▸ **Provided information**:
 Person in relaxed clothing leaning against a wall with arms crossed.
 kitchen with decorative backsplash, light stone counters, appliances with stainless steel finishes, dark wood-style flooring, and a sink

==

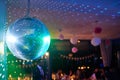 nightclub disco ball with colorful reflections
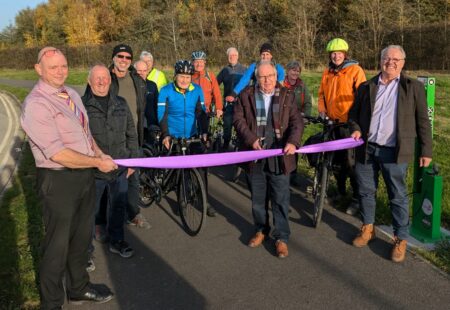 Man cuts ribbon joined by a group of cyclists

---

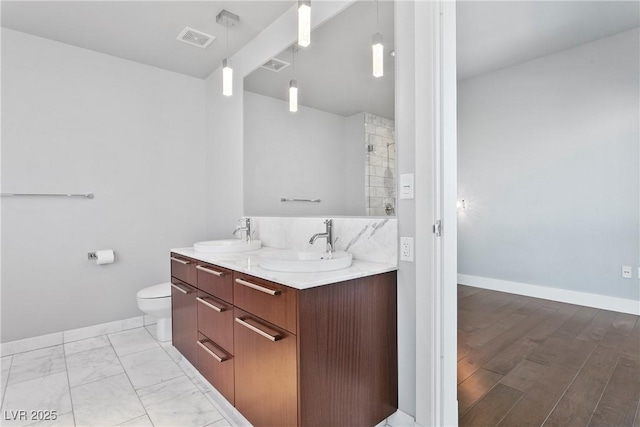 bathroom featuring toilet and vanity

▸ **Work task**: How would the lines above read from the one with "nightclub disco ball" to the one with "Man cuts ribbon", inclusive, with no pictures? Write them out exactly.

▸ **Response to this task**:
 nightclub disco ball with colorful reflections
 Man cuts ribbon joined by a group of cyclists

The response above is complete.